Class Actions in Context

Class Actions in Context

How Culture, Economics and Politics Shape Collective Litigation

Edited by Deborah R. Hensler, Christopher Hodges and Ianika Tzankova

In recent years collective litigation procedures have spread across the globe, accompanied by hot controversy and normative debate. Yet virtually nothing is known about how these procedures operate in practice. Based on extensive documentary and interview research, this volume presents the results of the first comparative investigation of class actions and group litigation ‘in action’, in the Americas, Europe, Asia and the Middle East.
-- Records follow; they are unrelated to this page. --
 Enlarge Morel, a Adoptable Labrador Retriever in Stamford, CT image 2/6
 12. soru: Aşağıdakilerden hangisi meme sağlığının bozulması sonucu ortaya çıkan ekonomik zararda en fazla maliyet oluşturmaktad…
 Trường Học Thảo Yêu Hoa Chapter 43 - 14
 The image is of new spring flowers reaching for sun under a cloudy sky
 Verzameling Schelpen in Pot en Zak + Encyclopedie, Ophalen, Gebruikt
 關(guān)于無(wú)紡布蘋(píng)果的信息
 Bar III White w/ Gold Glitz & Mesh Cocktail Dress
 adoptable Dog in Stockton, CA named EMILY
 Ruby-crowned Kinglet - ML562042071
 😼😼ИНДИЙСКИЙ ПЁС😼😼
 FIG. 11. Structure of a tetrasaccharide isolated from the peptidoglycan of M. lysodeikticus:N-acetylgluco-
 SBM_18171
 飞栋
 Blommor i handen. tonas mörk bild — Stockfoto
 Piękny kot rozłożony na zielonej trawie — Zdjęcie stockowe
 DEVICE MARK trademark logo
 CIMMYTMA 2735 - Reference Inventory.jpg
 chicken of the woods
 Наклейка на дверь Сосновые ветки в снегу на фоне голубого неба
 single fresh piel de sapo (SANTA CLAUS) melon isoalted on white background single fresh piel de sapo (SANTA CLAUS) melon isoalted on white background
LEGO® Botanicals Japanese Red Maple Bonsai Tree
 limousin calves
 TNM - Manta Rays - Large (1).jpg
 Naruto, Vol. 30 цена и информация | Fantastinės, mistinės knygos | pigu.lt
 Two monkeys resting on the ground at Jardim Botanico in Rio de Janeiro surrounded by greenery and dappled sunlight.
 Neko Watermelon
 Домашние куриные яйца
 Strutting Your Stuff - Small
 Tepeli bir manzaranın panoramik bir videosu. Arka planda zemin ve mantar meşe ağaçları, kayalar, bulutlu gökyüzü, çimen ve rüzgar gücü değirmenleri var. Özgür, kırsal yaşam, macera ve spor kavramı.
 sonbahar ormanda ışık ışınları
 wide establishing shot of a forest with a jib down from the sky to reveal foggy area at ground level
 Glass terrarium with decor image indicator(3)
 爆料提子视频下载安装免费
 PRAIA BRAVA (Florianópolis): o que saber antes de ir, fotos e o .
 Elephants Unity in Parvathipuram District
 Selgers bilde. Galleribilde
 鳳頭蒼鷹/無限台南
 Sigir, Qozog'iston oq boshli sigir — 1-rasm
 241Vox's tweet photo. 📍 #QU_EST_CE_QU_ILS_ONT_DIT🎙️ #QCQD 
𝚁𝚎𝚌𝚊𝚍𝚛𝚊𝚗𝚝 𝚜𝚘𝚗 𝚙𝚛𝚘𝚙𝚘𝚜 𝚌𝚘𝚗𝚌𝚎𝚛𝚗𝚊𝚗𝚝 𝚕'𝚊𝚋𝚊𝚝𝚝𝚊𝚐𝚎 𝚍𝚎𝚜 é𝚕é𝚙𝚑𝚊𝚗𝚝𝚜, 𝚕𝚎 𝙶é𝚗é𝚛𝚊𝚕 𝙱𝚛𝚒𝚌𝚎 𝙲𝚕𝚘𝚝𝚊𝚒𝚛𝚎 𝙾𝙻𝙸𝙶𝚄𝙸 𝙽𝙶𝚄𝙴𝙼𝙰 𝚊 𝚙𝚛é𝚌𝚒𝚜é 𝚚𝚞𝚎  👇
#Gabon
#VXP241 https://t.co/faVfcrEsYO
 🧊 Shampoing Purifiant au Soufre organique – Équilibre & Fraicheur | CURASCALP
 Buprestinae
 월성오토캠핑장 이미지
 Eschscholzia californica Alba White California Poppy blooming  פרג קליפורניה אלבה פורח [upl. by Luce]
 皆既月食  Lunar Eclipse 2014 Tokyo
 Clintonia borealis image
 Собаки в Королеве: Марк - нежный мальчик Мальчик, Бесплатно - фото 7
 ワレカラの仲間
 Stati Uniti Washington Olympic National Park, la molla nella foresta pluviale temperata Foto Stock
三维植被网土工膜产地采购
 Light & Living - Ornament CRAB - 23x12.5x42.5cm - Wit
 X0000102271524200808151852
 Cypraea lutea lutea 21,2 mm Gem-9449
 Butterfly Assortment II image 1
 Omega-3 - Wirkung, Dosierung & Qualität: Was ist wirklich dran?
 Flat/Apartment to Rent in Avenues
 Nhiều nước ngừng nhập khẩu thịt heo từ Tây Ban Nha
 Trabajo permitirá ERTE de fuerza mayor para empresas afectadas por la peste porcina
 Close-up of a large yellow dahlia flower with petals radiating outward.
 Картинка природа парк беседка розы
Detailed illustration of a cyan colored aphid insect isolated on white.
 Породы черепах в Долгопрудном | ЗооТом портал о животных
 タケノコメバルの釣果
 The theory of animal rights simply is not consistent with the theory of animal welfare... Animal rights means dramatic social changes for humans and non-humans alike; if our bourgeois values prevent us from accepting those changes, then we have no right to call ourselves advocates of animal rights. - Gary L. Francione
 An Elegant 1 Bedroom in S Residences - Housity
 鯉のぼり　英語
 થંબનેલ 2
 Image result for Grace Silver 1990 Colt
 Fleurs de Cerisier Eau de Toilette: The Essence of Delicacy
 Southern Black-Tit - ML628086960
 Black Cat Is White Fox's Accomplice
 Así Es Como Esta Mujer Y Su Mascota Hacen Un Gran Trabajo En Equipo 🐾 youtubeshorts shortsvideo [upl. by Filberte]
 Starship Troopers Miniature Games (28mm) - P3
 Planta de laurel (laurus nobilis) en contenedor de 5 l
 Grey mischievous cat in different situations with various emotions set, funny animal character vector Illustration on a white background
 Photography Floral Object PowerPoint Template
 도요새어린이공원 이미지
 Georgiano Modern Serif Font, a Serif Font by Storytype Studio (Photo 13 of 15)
Chapter 11: The engine that drives: Fees, costs and the Canadian class action

Jasminka Kalajdzic

Subjects: law - academic, arbitration and dispute resolution, comparative law, consumer law, law and society, law of obligations


There are certain fundamental truths about civil justice for victims of mass harm in Canada. Litigation is the predominant mechanism for obtaining redress. Litigation is prohibitively expensive. Those who are harmed cannot afford to pay for legal representation. Lawyers cannot afford to work on a no win, no fee basis unless there is the possibility of recovering their fees at a premium to compensate for their time and expertise. For these reasons, class proceedings statutes in all Canadian provinces provide for contingency fees and multipliers, and thus create financial incentives for lawyers to pursue litigation that otherwise would not be economical for individual litigants to advance. ‘This is the entrepreneurial aspect of class proceedings legislation that enhances “access to justice”.’ While not an end in itself, the creation of a profit-centered litigation bar is the accepted means to achieve the ‘access to justice’ objectives of class proceedings in Canada. Entrepreneurial plaintiffs’ lawyers, therefore, are the engine that drives class action litigation. This simple truth gives rise to complex consequences. Tensions arise between the economic incentives inherent in class actions and a legal culture still firmly rooted in traditional professional norms. For instance, although it is inevitable that lawyers for the class have a far greater financial stake in the litigation than any one class member, many judges remain ambivalent about—if not altogether uncomfortable with—the large fee awards sought by counsel at the conclusion of a case.